323.   (4) The Minister may assess any person for any amount payable by the person under this section and, where the Minister sends a notice of assessment, sections 296 to 311 apply, with such modifications as the circumstances require.

 

(5) An assessment under subsection   (4) of any amount payable by a person who is a director of a corporation shall not be made more than two years after the person last ceased to be a director of the corporation. (emphasis added)

 

[53]           Lorsqu’on examine l’éventuelle responsabilité des frères Aujla, le plus grand obstacle est le délai de prescription. Comme la loi précise bien que l’établissement d’une telle cotisation pour un montant payable par un administrateur « se prescrit par deux ans après qu’il a cessé pour la dernière fois d’être administrateur », il faut nécessairement conclure que les frères Aujla : a) soit sont demeurés administrateurs au cours de la période durant laquelle la société a été radiée du registre; b) soit ont été réintégrés dans leurs fonctions d’administrateurs lorsque la société a été réinscrite au registre, de sorte qu’ils n’ont pas encore « cessé pour la dernière fois » d’être administrateurs.

 

[54]           Toute autre considération portant sur les cinq ans que le ministre a laissés s’écouler avant d’entreprendre des démarches pour recouvrer le montant dû par la société n’est pas pertinente en l’espèce.
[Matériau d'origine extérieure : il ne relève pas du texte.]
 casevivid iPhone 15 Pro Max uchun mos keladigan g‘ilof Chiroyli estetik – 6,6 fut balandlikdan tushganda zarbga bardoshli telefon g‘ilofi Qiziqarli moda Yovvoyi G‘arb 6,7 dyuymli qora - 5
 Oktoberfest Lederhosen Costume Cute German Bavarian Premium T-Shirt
Selon l’article 262 de la Company Act, le protonotaire a le pouvoir discrétionnaire de réinscrire la société au registre à la condition que la réinscription soit juste et qu’elle ait lieu dans les dix ans suivant la dissolution de la société. Du fait qu’une ordonnance de réinscription a été prononcée, il est évident que le protonotaire a jugé que l’ordonnance était juste. Cette ordonnance n’a pas été portée en appel. Il n’y a donc pas lieu, en l’espèce, de tenir compte du temps que le ministre a laissé s’écouler ou d’examiner toute allégation portant que le ministre a tardé à faire valoir ses droits.

 

Les frères Aujla ont-ils continué à occuper leurs postes d’administrateurs malgré la dissolution?

 

[55]           Si les frères Aujla avaient continué d’exercer leurs fonctions d’administrateurs malgré la dissolution de la société, ils n’auraient jamais « cessé » d’être des administrateurs et le délai de prescription du paragraphe 323(5) de la Loi sur la taxe d’accise n’aurait pas commencé à courir.

 

[56]           Les parties conviennent qu’il faut se tourner vers les dispositions législatives provinciales applicables pour savoir si une personne a cessé ou non d’être un administrateur. Dans le cas des frères Aujla, Sa Majesté soutient qu’aux termes de la Company Act de la Colombie‑Britannique, les administrateurs ne cessent d’occuper leur poste que conformément aux dispositions prévues à l’article 130 ou lorsque la société est dissoute volontairement.

 

[57]           De toute évidence, l’article 130 de la Company Act de la Colombie-Britannique n’a aucune incidence sur le mandat des frères Aujla comme administrateurs. L’article 130 dispose en effet :

[traduction]

 

130(1) Le mandat d’un administrateur prend fin à l’expiration de la période pour laquelle il a été nommé conformément aux statuts constitutifs ou lorsque :

 

a) il meurt ou démissionne; 

b) il est démis de ses fonctions conformément au paragraphe (3);

c) il n’est pas habilité en vertu de l’article 114;

d) il est démis de ses fonctions conformément à l’acte ou aux statuts constitutifs.

 

(2) La démission d’un administrateur prend effet à la date de réception au siège social de la société d’un écrit à cet effet ou à la date postérieure qui y est indiquée.

 

(3) Par dérogation à toute disposition de l’acte ou des statuts constitutifs, la société peut, par résolution spéciale, destituer un administrateur avant l’expiration de son mandat et désigner une autre personne à sa place, par voie de résolution ordinaire.

 

 

[58]           Se fondant sur la décision de la Cour de comté de la Colombie‑Britannique R c. Gill, [1989] B.C.J. No. 2225, 40 B.C.L.R. (2d) 360 (Gill), Sa Majesté a tenté de faire valoir que le mandat de l’administrateur prenait fin au moment de la dissolution de la société, mais uniquement lorsque cette dissolution est volontaire. En fait, la seule chose que le tribunal a indiqué, dans la décision Gill, c’est que : [traduction] « une société dissoute est une société défunte qui a entraîné dans sa mort ses dirigeants et administrateurs ».

 

[59]           Il n’y a pas de jurisprudence qui appuie l’argument que, lorsqu’une société est dissoute involontairement, ses administrateurs ne cessent pas d’être des administrateurs. Ainsi, avant le prononcé de l’ordonnance de la Cour réinscrivant la société au registre, la société avait cessé d’exister et l’on était dans l’incertitude quant au statut légal des frères Aujla en tant qu’administrateurs.

 

La responsabilité des frères Aujla a-t-elle survécu à la dissolution?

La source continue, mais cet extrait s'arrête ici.